What needs to be done: Every word of the data must be reproduced in your reply exactly.

Data entries

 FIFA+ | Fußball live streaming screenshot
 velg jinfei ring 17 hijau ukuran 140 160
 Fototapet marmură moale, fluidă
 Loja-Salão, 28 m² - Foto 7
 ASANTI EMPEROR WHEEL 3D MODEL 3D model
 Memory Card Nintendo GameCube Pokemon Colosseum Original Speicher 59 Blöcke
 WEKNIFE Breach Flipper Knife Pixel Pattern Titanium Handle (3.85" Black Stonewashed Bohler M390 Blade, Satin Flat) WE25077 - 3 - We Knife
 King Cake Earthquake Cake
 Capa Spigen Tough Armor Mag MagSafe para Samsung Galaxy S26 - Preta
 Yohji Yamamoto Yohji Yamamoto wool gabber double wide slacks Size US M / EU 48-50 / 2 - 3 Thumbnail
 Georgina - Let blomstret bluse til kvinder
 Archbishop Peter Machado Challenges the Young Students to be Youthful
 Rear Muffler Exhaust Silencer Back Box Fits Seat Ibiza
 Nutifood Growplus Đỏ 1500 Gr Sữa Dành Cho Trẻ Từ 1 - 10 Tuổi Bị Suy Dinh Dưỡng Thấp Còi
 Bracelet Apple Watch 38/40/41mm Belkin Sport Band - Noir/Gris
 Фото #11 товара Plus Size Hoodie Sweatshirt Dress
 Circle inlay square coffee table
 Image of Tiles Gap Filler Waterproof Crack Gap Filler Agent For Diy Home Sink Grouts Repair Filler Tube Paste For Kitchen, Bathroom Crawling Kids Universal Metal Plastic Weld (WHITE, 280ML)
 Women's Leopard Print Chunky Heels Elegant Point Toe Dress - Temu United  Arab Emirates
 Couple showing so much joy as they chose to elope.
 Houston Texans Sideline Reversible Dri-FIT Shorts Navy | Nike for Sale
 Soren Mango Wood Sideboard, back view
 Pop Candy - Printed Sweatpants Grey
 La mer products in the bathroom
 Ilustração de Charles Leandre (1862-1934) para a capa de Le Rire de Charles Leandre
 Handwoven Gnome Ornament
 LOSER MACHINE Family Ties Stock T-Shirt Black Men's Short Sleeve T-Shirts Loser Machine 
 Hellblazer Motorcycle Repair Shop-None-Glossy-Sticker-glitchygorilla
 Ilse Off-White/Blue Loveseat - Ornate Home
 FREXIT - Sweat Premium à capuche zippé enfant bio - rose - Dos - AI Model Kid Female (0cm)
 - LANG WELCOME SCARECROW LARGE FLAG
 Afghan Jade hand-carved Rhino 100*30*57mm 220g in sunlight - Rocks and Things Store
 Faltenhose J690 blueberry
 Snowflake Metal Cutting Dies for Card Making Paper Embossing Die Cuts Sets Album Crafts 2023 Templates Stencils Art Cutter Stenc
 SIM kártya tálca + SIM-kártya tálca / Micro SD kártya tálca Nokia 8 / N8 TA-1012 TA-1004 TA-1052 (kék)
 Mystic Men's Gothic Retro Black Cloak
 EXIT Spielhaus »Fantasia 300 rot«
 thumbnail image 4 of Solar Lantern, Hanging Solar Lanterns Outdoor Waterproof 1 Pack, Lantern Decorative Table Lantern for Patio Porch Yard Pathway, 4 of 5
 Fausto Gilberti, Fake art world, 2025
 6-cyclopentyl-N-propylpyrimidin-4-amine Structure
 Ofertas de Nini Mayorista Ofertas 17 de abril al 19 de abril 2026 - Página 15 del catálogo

Response to this exercise:
 FIFA+ | Fußball live streaming screenshot
 velg jinfei ring 17 hijau ukuran 140 160
 Fototapet marmură moale, fluidă
 Loja-Salão, 28 m² - Foto 7
 ASANTI EMPEROR WHEEL 3D MODEL 3D model
 Memory Card Nintendo GameCube Pokemon Colosseum Original Speicher 59 Blöcke
 WEKNIFE Breach Flipper Knife Pixel Pattern Titanium Handle (3.85" Black Stonewashed Bohler M390 Blade, Satin Flat) WE25077 - 3 - We Knife
 King Cake Earthquake Cake
 Capa Spigen Tough Armor Mag MagSafe para Samsung Galaxy S26 - Preta
 Yohji Yamamoto Yohji Yamamoto wool gabber double wide slacks Size US M / EU 48-50 / 2 - 3 Thumbnail
 Georgina - Let blomstret bluse til kvinder
 Archbishop Peter Machado Challenges the Young Students to be Youthful
 Rear Muffler Exhaust Silencer Back Box Fits Seat Ibiza
 Nutifood Growplus Đỏ 1500 Gr Sữa Dành Cho Trẻ Từ 1 - 10 Tuổi Bị Suy Dinh Dưỡng Thấp Còi
 Bracelet Apple Watch 38/40/41mm Belkin Sport Band - Noir/Gris
 Фото #11 товара Plus Size Hoodie Sweatshirt Dress
 Circle inlay square coffee table
 Image of Tiles Gap Filler Waterproof Crack Gap Filler Agent For Diy Home Sink Grouts Repair Filler Tube Paste For Kitchen, Bathroom Crawling Kids Universal Metal Plastic Weld (WHITE, 280ML)
 Women's Leopard Print Chunky Heels Elegant Point Toe Dress - Temu United  Arab Emirates
 Couple showing so much joy as they chose to elope.
 Houston Texans Sideline Reversible Dri-FIT Shorts Navy | Nike for Sale
 Soren Mango Wood Sideboard, back view
 Pop Candy - Printed Sweatpants Grey
 La mer products in the bathroom
 Ilustração de Charles Leandre (1862-1934) para a capa de Le Rire de Charles Leandre
 Handwoven Gnome Ornament
 LOSER MACHINE Family Ties Stock T-Shirt Black Men's Short Sleeve T-Shirts Loser Machine 
 Hellblazer Motorcycle Repair Shop-None-Glossy-Sticker-glitchygorilla
 Ilse Off-White/Blue Loveseat - Ornate Home
 FREXIT - Sweat Premium à capuche zippé enfant bio - rose - Dos - AI Model Kid Female (0cm)
 - LANG WELCOME SCARECROW LARGE FLAG
 Afghan Jade hand-carved Rhino 100*30*57mm 220g in sunlight - Rocks and Things Store
 Faltenhose J690 blueberry
 Snowflake Metal Cutting Dies for Card Making Paper Embossing Die Cuts Sets Album Crafts 2023 Templates Stencils Art Cutter Stenc
 SIM kártya tálca + SIM-kártya tálca / Micro SD kártya tálca Nokia 8 / N8 TA-1012 TA-1004 TA-1052 (kék)
 Mystic Men's Gothic Retro Black Cloak
 EXIT Spielhaus »Fantasia 300 rot«
 thumbnail image 4 of Solar Lantern, Hanging Solar Lanterns Outdoor Waterproof 1 Pack, Lantern Decorative Table Lantern for Patio Porch Yard Pathway, 4 of 5
 Fausto Gilberti, Fake art world, 2025
 6-cyclopentyl-N-propylpyrimidin-4-amine Structure
 Ofertas de Nini Mayorista Ofertas 17 de abril al 19 de abril 2026 - Página 15 del catálogo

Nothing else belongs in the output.